Offshore Ale, the year-round brew pub that has long anchored the Oak Bluffs dining scene, has been quietly placed on the market for sale.
After 12 years at the helm owners Phillip and Colleen McAndrews are looking to find a new owner and steward for the restaurant, Mr. McAndrews said Monday.
“I need to find someone who I can train and pass Offshore off to,” he said. “So we’re just starting the process to find an individual who would love this place as much as we have, and carry it on.”
The youngest of the couple’s four children will graduate from high school next year, he said, and at that point all four will be scattered around the country. None are interested in taking over the business, and their parents are looking for a flexible schedule that is hard to find running a year-round business.
The 20-year-old restaurant at 30 Kennebec avenue is listed for $4.2 million. The listing went online last week with Link MV, the Island’s multiple listing service for real estate. The price includes the building, beer business, brand and a turnkey, fulled-staffed restaurant.
Mr. McAndrews said the restaurant has quietly been on the market since October, when the McAndrews gathered the staff together to tell them their plans. The restaurant is for sale “lock, stock, and barrel,” he said, and they are hoping to find someone who would carry on the current business.
“I have a great staff here,” he said. “Many of them have been here for many years . . . . it’s really a turnkey business. They’ve helped make this place a success.”
Offshore was opened by Robert Skydell in 1997 as City Ale and Oyster, a restaurant that included the first brewery on the Island. After about a year the name was changed to Offshore Ale Company, named after the most popular brew on the menu. The original name remained on the outside of the building at the corner of Kennebec and Healy avenues. The restaurant became well-known as a year-round gathering place for all ages, featuring beers brewed on-site with names like Beach Road Nut Brown Ale and Inkwell Imperial Stout, wood-fired pizza, local seafood, live music and peanut shells littering the floor.
In January 2006 Mr. Skydell sold the business to the McAndrews, who lived in Rhode Island. Mr. McAndrews was a businessman selling beer, wine and spirits, and had long dreamed of one day running a small Irish pub or something similar. On a weekend getaway to the Vineyard, the couple saw Offshore was for sale. Mr. McAndrews was 40 at the time, he recalled, and “we just jumped on it. “
The couple has been here ever since and “it’s been a great experience,” he said. The only thing he will not miss is the paperwork.
They are taking their time with the sale, he said, starting with getting the word out. The listing is with Jon Hartzband of Martha’s Vineyard Island-Wide Realty, who is well-suited to represent the property: he worked at Offshore for 17 years as a bartender. “He knows the whole story,” Mr.
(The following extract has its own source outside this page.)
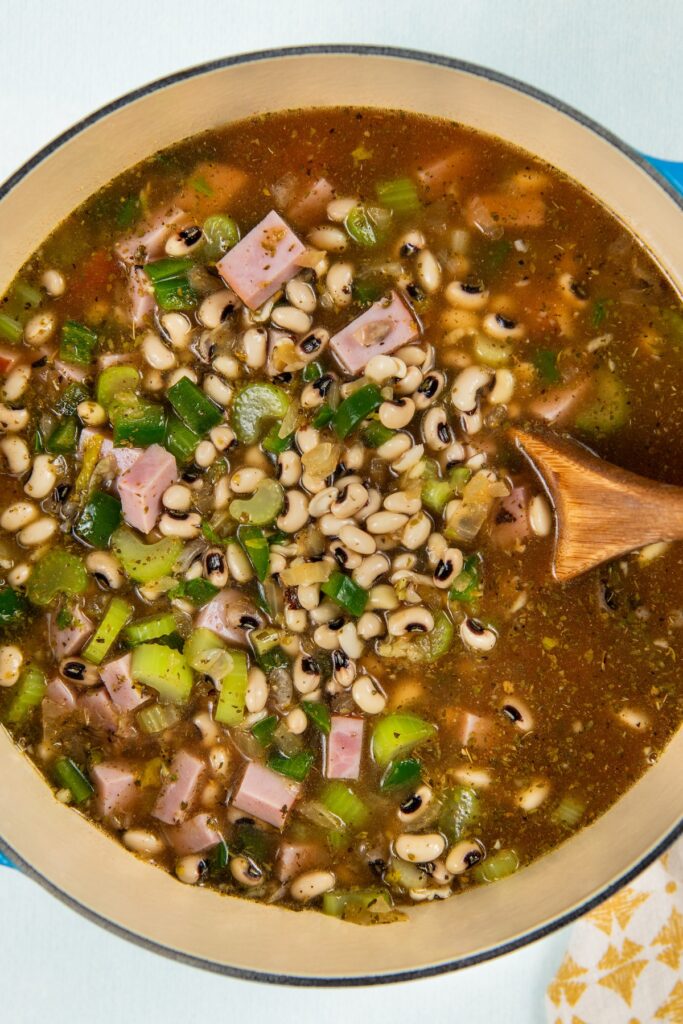 Slowly simmered in a rich and smoky broth, these Southern Black Eyed Peas are insanely flavorful and tender as can be! Peas, diced ham, celery, green onions, and more, in a large pot with a wooden spoon stirring the broth.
McAndrews said. “He’s a great person to really represent and actually have the inside knowledge of all that this place is. “
He continued: “I don’t know how easy or hard it’s going to be to find someone that would be a good fit for it. It’s just important to take some time and be able to go trough the process and be selective about it.”
But for now it will be business as usual at Offshore. “We’re still here, on site, and doing everything we did before we listed it,” he said. “We’re here, hands on. It’s going to be that way until someone else takes over.”